Access is further limited by your account permissions. For example, if you can only view certain servers, the MCP server will have the same restriction.
API key
As an alternative to OAuth, you can authenticate using a pganalyze read API key. This gives full read access to your account data, equivalent to granting the "Full read access" OAuth permission.
To use API key authentication, first create an API key, then configure your MCP client to pass the key as a Bearer token in the Authorization header.

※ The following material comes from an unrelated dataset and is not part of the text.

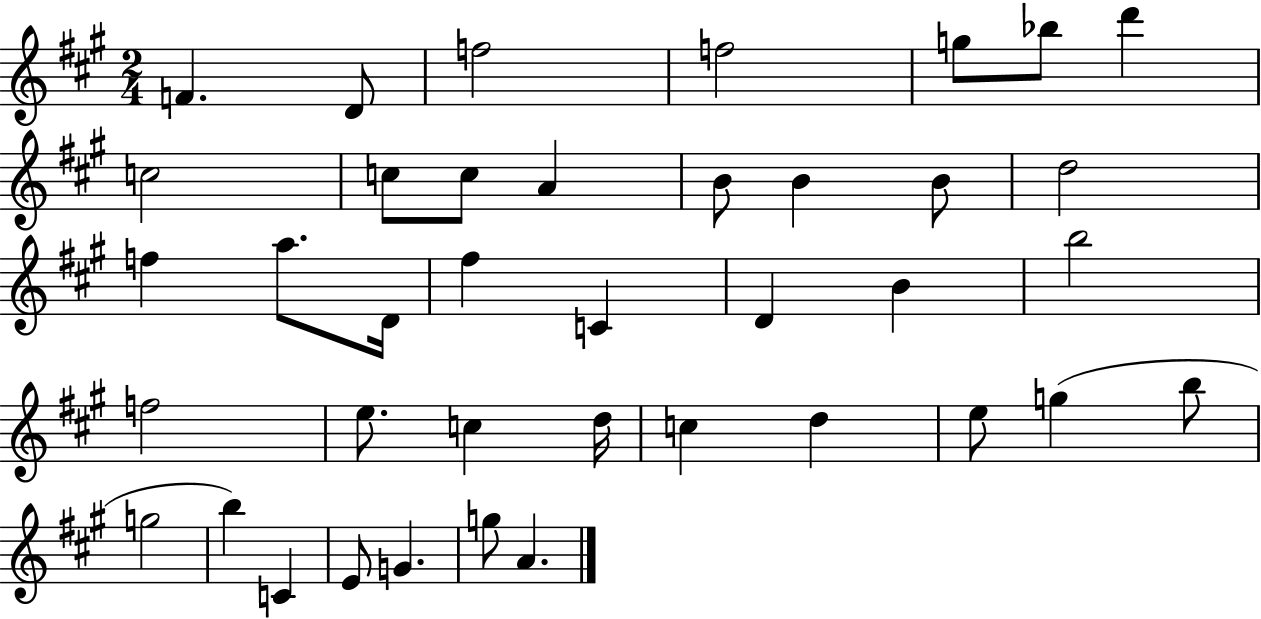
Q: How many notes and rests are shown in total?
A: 39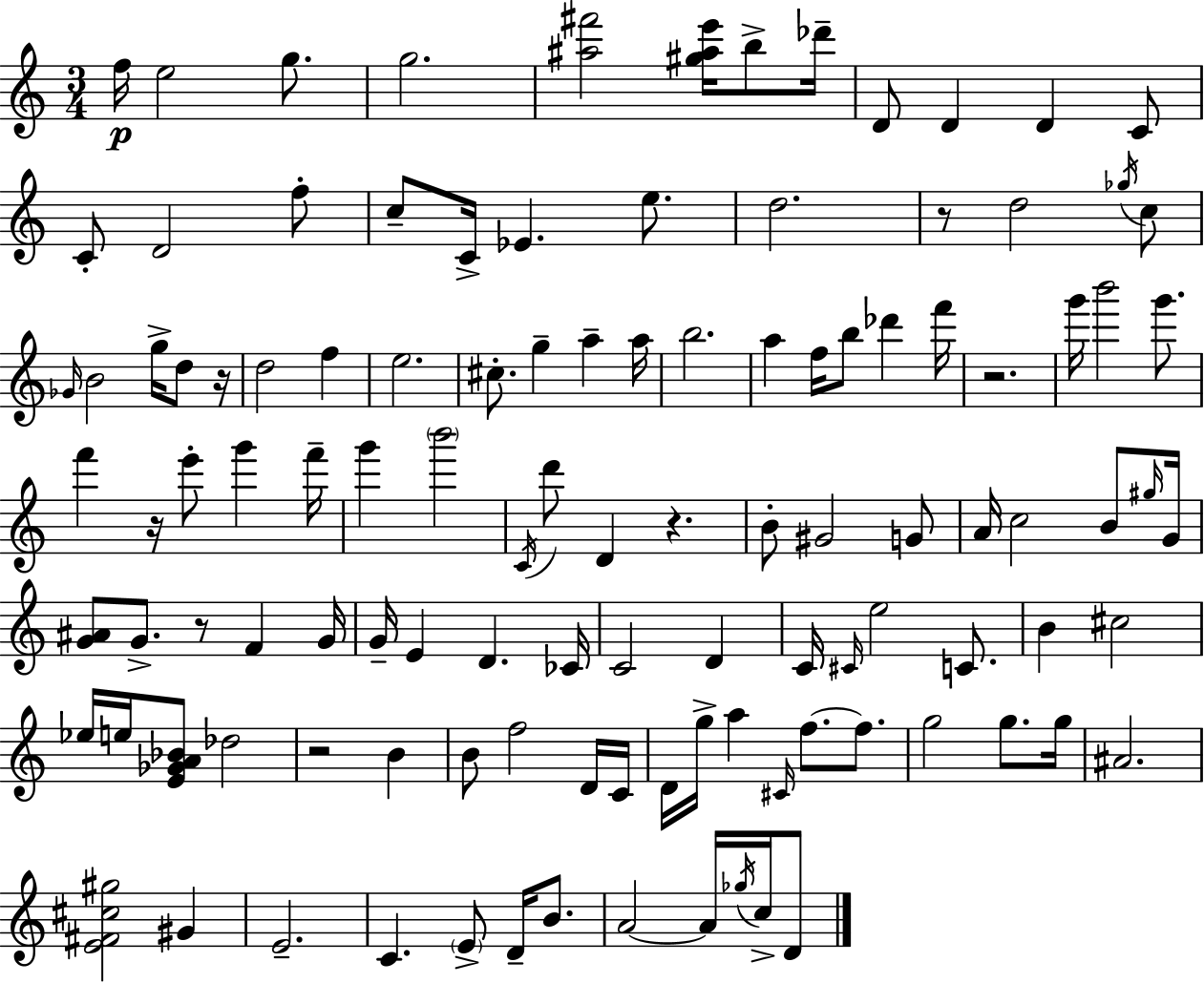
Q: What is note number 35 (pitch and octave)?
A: F5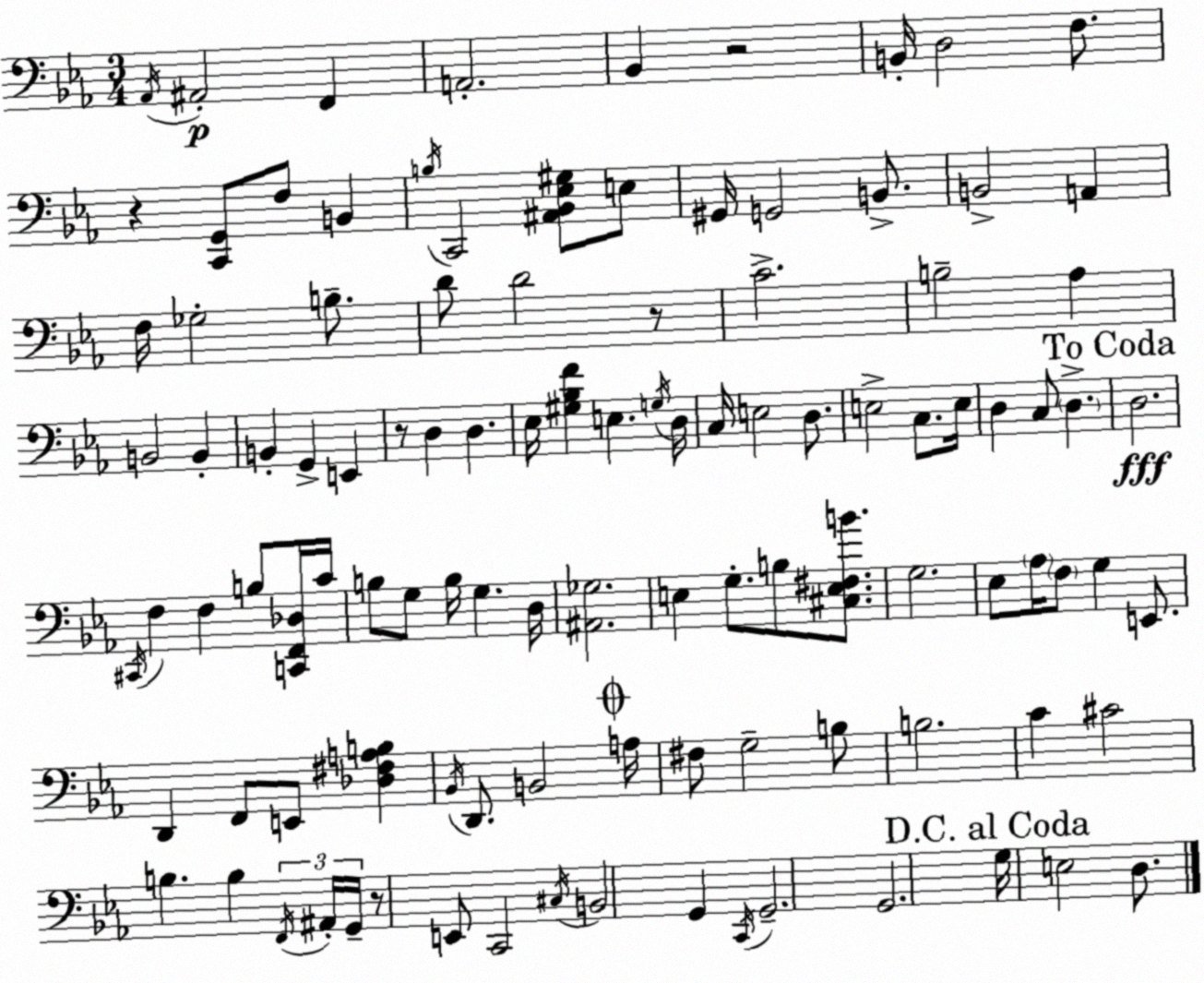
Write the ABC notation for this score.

For example, with Claude Code:
claude mcp add --transport http \
pganalyze https://app.pganalyze.com/mcp \
-H "Authorization: Bearer YOUR_API_KEY"The exact configuration for other MCP clients depends on how they support custom headers. Refer to your client's documentation for details.
Since API key authentication does not require interactive authorization, it is suited for scenarios where OAuth is impractical, for example, automated background agents, CI/CD pipelines, or other programmatic integrations that run without user interaction.
Rate limiting
During the preview, the MCP server is limited to 100 requests per billable server per hour per organization, regardless of authentication method. If you exceed this limit, requests will be rejected until the quota gradually refills over time. This limit may be adjusted as we learn more about common use cases and usage patterns.
Available tools
The MCP server exposes tools, organized by the type of data they access. Since this feature is in preview, the available tools and their parameters may change.
| Tool | Description |
|---|---|
| Servers | |
list_servers | List monitored PostgreSQL servers |
get_server_details | Get details for a specific server |
get_postgres_settings | Get PostgreSQL configuration settings |
| Databases | |
get_databases | List databases with size stats and issue counts |
| Queries | |
get_query_stats | Get top queries by runtime percentage |
get_query_details | Get full normalized query text |
get_query_samples | Get sample executions with runtime and parameters |
| Tables | |
get_tables | List tables with filtering and pagination |
get_table_stats | Get time-series table statistics |
get_index_selection | Get Index Advisor results for an existing run |
run_index_selection | Run the Index Advisor for a table |
| EXPLAIN Plans | |
get_query_explains | List EXPLAIN plans for a query (last 7 days) |
get_query_explain | Get a specific EXPLAIN plan with full output |
get_query_explain_from_trace | Resolve a trace span to an EXPLAIN plan (requires OpenTelemetry integration) |
| Backends | |
get_backend_counts | Get time-series connection counts by state |
get_backends | Get a point-in-time snapshot of active connections |
get_backend_details | Get details for a specific connection |
| Issues | |
get_issues | Get active check-up issues and alerts |
get_checkup_status | Get check-up status overview for a database |
Example use cases
- Investigate slow queries during development: Ask your AI tool to pull the top queries by runtime for a specific database using
get_query_stats, then inspect EXPLAIN plans for a query that regressed usingget_query_explainsandget_query_explain. - Review active issues: Check the current check-up status for a database using
get_checkup_statusto see if there are unresolved alerts, such as insufficient VACUUM frequency or unused indexes. - Trace a slow request to its query plan: If your application uses OpenTelemetry tracing, resolve a trace span to the corresponding EXPLAIN plan using
get_query_explain_from_traceto understand why a specific request was slow.